From the Theater Vault Dept.: Given my reaction to some of the recent musicals that I’ve been sent to review – recent to me meaning post-1940s – I was surprised to warm to “Billy Elliot” as much as I did when it hit the area during its 2013 tour. Elton John’s jukebox-ish score notwithstanding.

                                                                                

IT’S OFTEN SURPRISING how easily sentiment can go to work on you. While I’m fairly immune to dead-mom sentiment and dad-realizes-what-a-shit-he’s been sentiment, “Billy Elliot: The Musical” got me with its coal-miners’ strike. It took place in England in 1984, giving the odious Margaret Thatcher the opportunity to begin dismantling workers’ hard-won rights throughout the nation. Most of the West Virginia side of my family are miners; I’ve been down the pit and I’ve learned firsthand about the struggles they continue to wage in order to pursue a dangerous job.

Drew Minard as "Billy Elliot"
My mother escaped via the Navy. Eleven-year-old Billy Elliot is offered a way out of a future in the mines through dance, with all of the attendant preconceptions that will color the attitudes of his father, brother and friends.

It’s a good premise for a musical, with such a firestorm of energy during the first act that you easily can tolerate Elton John’s sound-alike score – after all, his music was part of the soundtrack of the Thatcher era.
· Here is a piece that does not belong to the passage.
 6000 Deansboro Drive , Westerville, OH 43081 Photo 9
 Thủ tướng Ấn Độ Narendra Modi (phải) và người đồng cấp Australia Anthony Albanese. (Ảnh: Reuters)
But once the plot threads are tied up at the top of Act Two, that energy flags and the score’s repetitiousness is cruelly overshadowed when an excerpt of Tchaikovsky’s “Swan Lake” underscores Billy’s dream dance.

Choreographer Peter Darling and director Stephen Daldry created a breathtaking ensemble number early in the show to the song “Solidarity,” in which the striking miners, the opposing police and a classroom of ballet students interact in an otherworldly manner, using the potential of costume pieces and chairs to the fullest (chairs feature almost as individual characters throughout the show).

This sparkle is displayed again in “Born to Boogie,” a trio for Billy (the superb Drew Minard, who rotates the role with two others), his dance teacher (Janet Dickenson) and the surprisingly limber accompanist (Kilty Reidy). The second act gets off to an effectively satirical start with “Merry Christmas, Maggie Thatcher,” bringing a good use of puppets into play, then slides into the maudlin with “Deep into the Ground,” sung by Billy’s father (Rich Hebert, who is nevertheless effectively believable).

And it’s that tendency either to over-beckon the tear ducts (“Dear Billy”) or court the implausible for cheap applause (“Expressing Yourself”) that only leadens the show.

But the numbers that work well do so brilliantly, making shrewd use of an extremely talented and agile cast. And there are star-turn moments, such as Patti Perkins’s “We’d Go Dancing,” in which she (as Billy’s grandmother) reveals her own dance background and how it helped her to escape from her own difficult situation, as well as Billy’s first-act finisher “Angry Dance.”

Bill Congdon conducted an ensemble mixing a road band with local players to transparent effect. The only drawback was the amplification, which sounded impressively unobtrusive at the start but grew annoyingly louder.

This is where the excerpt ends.